Lo hice por mí.
Le di un portazo en las narices a mi presente y lo convertí en pasado. Luego le puse un candado, le di dos vueltas de llave y la arrojé muy lejos, donde yacen los recuerdos que con el tiempo se convierten en olvido y mueren.
No lo hice por nadie, lo hice por mí.
Por primera vez supe lo que se sentía al mandar a la mierda todo aquello por lo que había sacrificado una parte de mi felicidad sin obtener recompensa. Todas mis ilusiones, mis sueños y mis ojalás. Todos depositados en las personas equivocadas, en el lugar equivocado y el momento equivocado. No sentí frustración ni decepción, sino alivio. Llevaba demasiado tiempo arrastrando un fardo lleno de responsabilidad por felicidades ajenas. No voy a decir que fue fácil abandonarlo a medio camino; ya formaba parte de mí, aunque era la parte menos buena: mi infelicidad. Así que esta vez no, no lo hice por nadie.

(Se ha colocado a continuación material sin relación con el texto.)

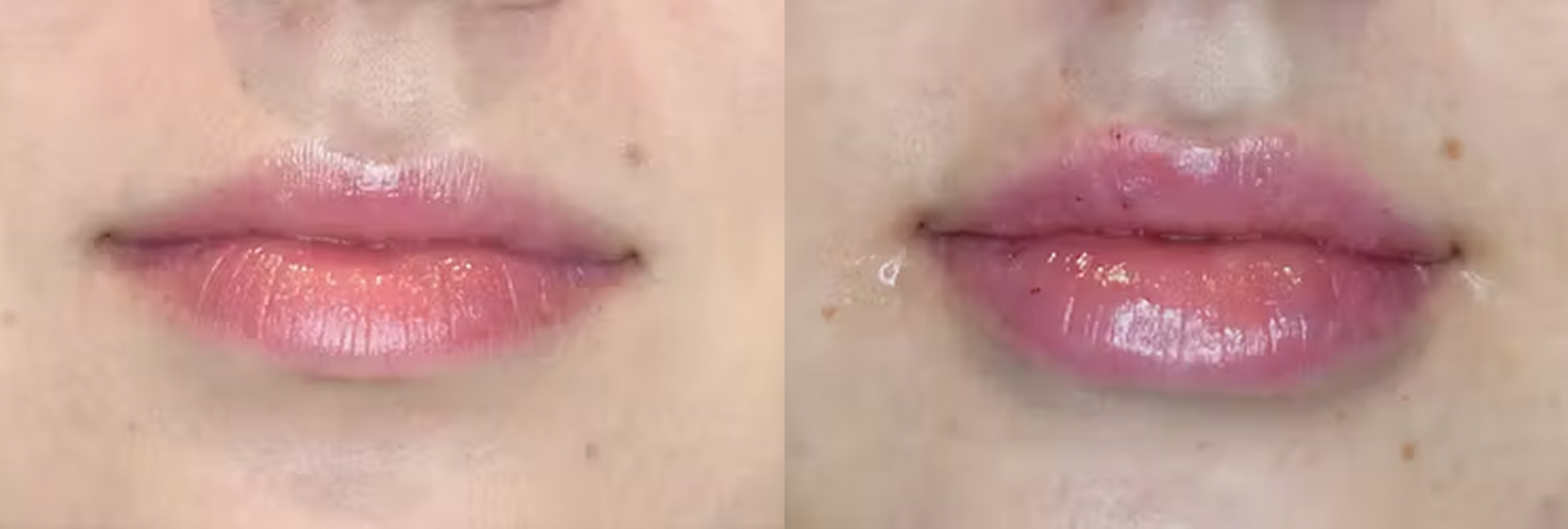 Before and after Juvederm lip enhancement showing fuller, more defined lips with increased volume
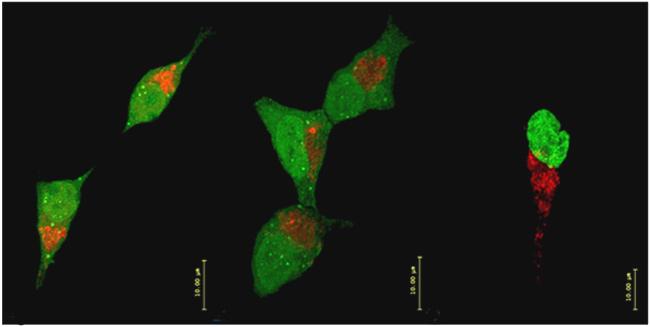 Dinámica mitocondrial en células FT293 con expresión de GFP-TIA1 (izquierda), GFP-TIAR (centro) y GFP-HuR (derecha). Expresión de las proteínas anteriores (en verde) y las mitocondrias (en rojo) teñidas con Mitotracker. Las barras de tamaño representan 10 micrometros.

Por primera vez no lo hice por nadie, lo hice sencillamente por mí.
Detrás de la puerta que he cerrado hay un pasado de decisiones muy meditadas. A veces acertadas, otras no. Pero todas tenían un denominador común: mi bienestar siempre era secundario. El temor a equivocarme en dichas decisiones pasaba por el miedo a perjudicar a otro o alterar de algún modo su tranquilidad. Y así pasé gran parte de mi vida, haciéndosela más cómoda a los demás sin importarme tanto los “pequeños sacrificios”.
Por eso ahora actúo sin temor a equivocarme. Porque cada decisión que tome en la que prevalezca mi propia felicidad será la acertada. Me equivocaré mil veces, pero me habré equivocado bien. Puede sonar egoísta, pero no lo es. Me debo mucho.